## EXERCISE REQUIREMENTS
Write out the data again exactly, skipping every picture.

====== STORED DATA

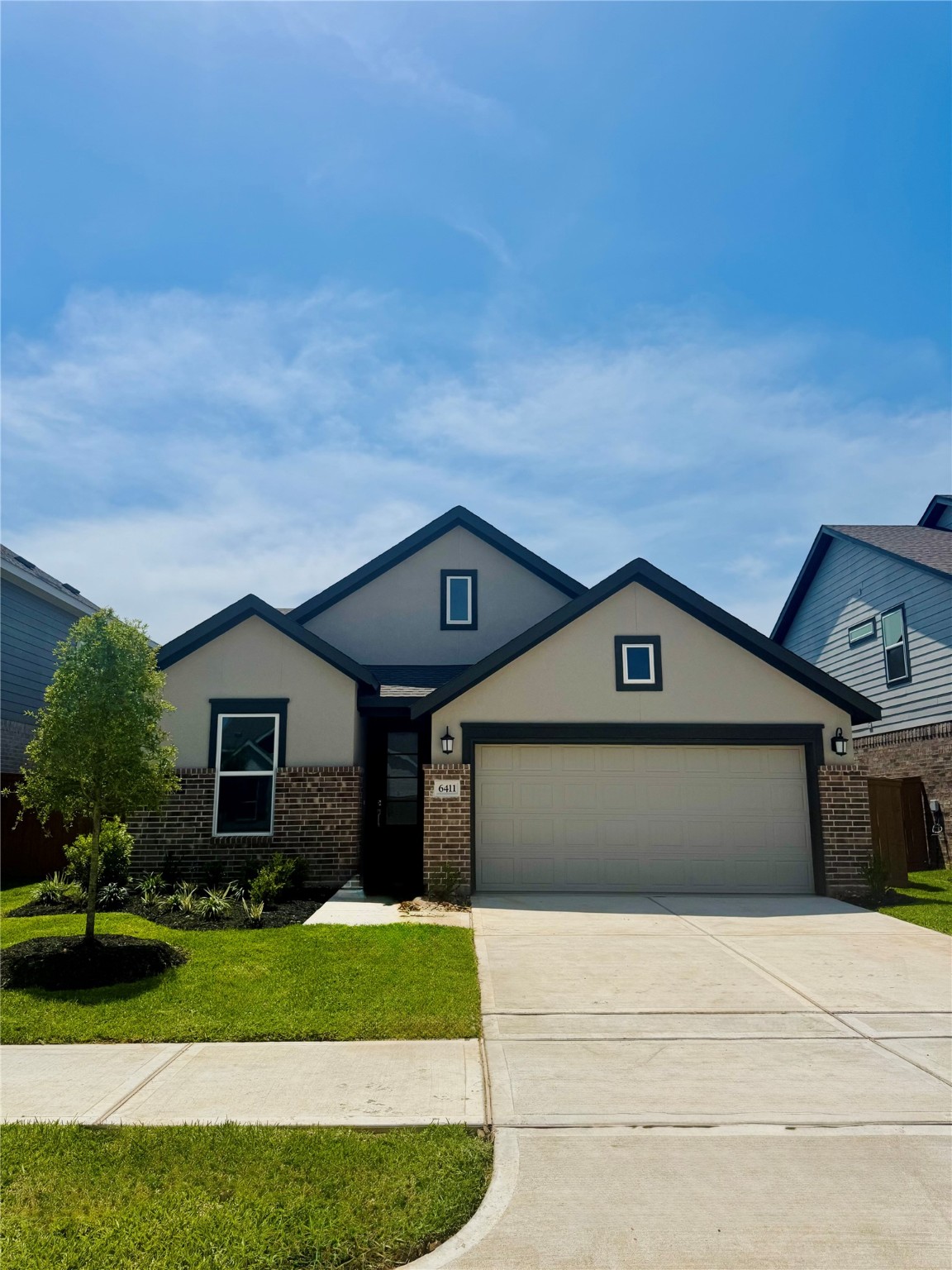 6411 Seafoam Lake Drive Property Photo 1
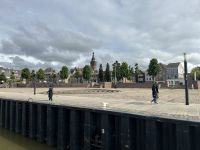 Die MS Symphonie legt in Nijmegen ab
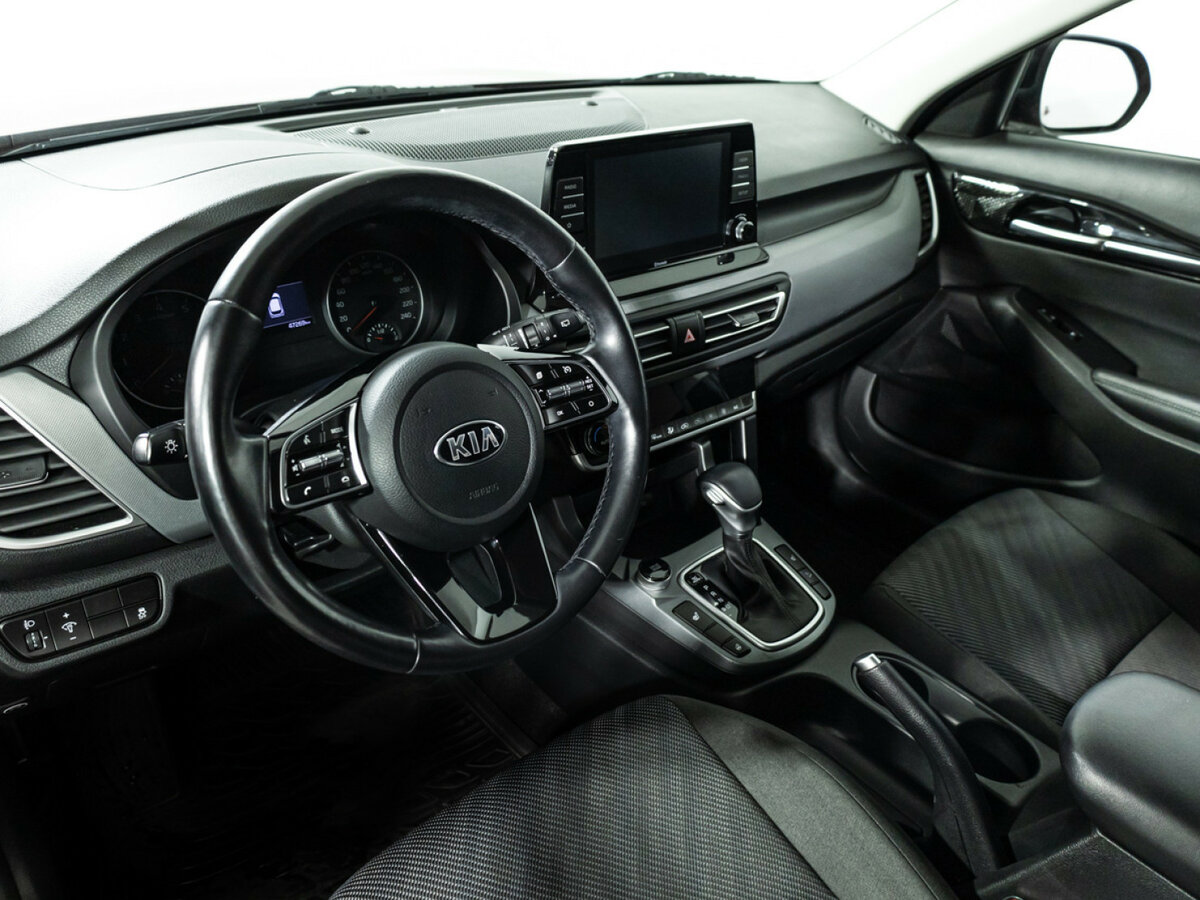 Купить Kia Seltos с пробегом. Фото: #10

============

## WRITTEN ANSWER
 6411 Seafoam Lake Drive Property Photo 1
 Die MS Symphonie legt in Nijmegen ab
 Купить Kia Seltos с пробегом. Фото: #10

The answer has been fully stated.